Scraped caption text data
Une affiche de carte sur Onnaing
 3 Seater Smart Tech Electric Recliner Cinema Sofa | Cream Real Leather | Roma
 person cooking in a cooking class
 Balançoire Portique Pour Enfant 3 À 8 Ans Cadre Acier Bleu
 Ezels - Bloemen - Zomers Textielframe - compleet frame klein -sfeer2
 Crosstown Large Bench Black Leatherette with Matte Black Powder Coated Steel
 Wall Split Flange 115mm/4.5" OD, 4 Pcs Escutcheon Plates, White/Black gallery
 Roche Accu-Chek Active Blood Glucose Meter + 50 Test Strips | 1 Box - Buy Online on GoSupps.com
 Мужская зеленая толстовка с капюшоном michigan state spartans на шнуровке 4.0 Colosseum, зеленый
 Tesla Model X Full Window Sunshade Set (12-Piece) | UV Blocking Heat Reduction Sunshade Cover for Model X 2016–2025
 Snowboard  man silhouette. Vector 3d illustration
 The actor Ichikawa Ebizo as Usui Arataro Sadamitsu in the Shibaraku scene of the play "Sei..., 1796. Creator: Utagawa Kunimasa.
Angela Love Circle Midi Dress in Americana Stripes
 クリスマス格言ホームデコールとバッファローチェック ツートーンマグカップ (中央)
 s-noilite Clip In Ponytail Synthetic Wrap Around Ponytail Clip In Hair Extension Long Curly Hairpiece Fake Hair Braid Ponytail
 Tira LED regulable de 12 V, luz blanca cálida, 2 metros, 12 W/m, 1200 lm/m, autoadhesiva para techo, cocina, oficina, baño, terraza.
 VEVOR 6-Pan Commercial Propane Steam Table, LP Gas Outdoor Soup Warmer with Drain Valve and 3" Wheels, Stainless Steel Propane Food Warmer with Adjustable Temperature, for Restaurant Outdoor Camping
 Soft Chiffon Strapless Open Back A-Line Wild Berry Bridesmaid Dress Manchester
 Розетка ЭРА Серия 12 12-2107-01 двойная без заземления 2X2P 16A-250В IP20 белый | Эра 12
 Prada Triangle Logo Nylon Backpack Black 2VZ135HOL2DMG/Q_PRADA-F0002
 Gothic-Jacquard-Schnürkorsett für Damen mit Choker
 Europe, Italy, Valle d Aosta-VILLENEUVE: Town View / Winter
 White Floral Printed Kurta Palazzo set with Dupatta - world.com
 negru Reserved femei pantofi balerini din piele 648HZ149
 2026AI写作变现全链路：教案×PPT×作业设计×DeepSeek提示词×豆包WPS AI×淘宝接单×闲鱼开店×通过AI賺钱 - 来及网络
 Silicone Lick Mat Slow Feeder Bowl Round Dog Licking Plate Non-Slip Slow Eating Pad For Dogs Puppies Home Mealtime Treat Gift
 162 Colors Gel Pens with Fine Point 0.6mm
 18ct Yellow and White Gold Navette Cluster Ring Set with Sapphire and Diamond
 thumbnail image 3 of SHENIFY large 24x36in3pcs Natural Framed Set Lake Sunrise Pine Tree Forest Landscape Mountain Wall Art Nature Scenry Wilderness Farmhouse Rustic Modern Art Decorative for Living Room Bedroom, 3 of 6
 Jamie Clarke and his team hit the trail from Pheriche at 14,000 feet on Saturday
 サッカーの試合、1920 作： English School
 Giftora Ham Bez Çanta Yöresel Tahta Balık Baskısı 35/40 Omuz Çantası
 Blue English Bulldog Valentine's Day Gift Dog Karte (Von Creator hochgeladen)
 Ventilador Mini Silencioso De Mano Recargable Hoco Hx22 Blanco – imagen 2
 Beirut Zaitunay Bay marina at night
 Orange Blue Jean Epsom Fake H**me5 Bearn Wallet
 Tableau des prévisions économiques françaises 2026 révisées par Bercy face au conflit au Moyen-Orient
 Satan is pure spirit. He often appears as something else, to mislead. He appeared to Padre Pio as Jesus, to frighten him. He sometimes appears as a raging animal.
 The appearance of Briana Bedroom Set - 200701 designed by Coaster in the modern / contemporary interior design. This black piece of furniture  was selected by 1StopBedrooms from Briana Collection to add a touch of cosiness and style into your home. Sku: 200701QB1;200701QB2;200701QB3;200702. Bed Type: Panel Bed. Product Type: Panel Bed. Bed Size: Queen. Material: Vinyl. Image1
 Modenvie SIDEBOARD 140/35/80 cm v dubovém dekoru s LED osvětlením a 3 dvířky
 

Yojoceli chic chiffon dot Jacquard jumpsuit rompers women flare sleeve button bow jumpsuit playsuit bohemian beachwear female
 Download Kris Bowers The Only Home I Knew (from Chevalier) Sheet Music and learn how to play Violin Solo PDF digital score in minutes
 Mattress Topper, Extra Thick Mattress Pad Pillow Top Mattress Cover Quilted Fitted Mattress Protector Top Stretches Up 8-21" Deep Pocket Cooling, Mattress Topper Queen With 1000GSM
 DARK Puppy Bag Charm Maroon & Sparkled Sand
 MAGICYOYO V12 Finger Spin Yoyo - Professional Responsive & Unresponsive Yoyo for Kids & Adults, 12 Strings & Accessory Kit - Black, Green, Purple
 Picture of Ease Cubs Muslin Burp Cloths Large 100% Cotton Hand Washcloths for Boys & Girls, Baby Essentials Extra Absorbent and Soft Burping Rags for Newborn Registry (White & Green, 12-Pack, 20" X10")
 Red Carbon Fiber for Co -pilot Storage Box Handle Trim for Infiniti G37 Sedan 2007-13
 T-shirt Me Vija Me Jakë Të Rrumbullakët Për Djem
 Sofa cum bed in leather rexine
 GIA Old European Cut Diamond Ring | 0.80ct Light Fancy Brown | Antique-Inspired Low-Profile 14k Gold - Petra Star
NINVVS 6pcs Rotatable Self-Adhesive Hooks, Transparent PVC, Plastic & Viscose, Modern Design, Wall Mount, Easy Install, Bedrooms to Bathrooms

WHAT IS REQUIRED
From the very first line of the records down to the line with "VEVOR 6-Pan Commercial", please write out each line exactly, including both ends and no other lines.

TASK RESULT
Une affiche de carte sur Onnaing
 3 Seater Smart Tech Electric Recliner Cinema Sofa | Cream Real Leather | Roma
 person cooking in a cooking class
 Balançoire Portique Pour Enfant 3 À 8 Ans Cadre Acier Bleu
 Ezels - Bloemen - Zomers Textielframe - compleet frame klein -sfeer2
 Crosstown Large Bench Black Leatherette with Matte Black Powder Coated Steel
 Wall Split Flange 115mm/4.5" OD, 4 Pcs Escutcheon Plates, White/Black gallery
 Roche Accu-Chek Active Blood Glucose Meter + 50 Test Strips | 1 Box - Buy Online on GoSupps.com
 Мужская зеленая толстовка с капюшоном michigan state spartans на шнуровке 4.0 Colosseum, зеленый
 Tesla Model X Full Window Sunshade Set (12-Piece) | UV Blocking Heat Reduction Sunshade Cover for Model X 2016–2025
 Snowboard  man silhouette. Vector 3d illustration
 The actor Ichikawa Ebizo as Usui Arataro Sadamitsu in the Shibaraku scene of the play "Sei..., 1796. Creator: Utagawa Kunimasa.
Angela Love Circle Midi Dress in Americana Stripes
 クリスマス格言ホームデコールとバッファローチェック ツートーンマグカップ (中央)
 s-noilite Clip In Ponytail Synthetic Wrap Around Ponytail Clip In Hair Extension Long Curly Hairpiece Fake Hair Braid Ponytail
 Tira LED regulable de 12 V, luz blanca cálida, 2 metros, 12 W/m, 1200 lm/m, autoadhesiva para techo, cocina, oficina, baño, terraza.
 VEVOR 6-Pan Commercial Propane Steam Table, LP Gas Outdoor Soup Warmer with Drain Valve and 3" Wheels, Stainless Steel Propane Food Warmer with Adjustable Temperature, for Restaurant Outdoor Camping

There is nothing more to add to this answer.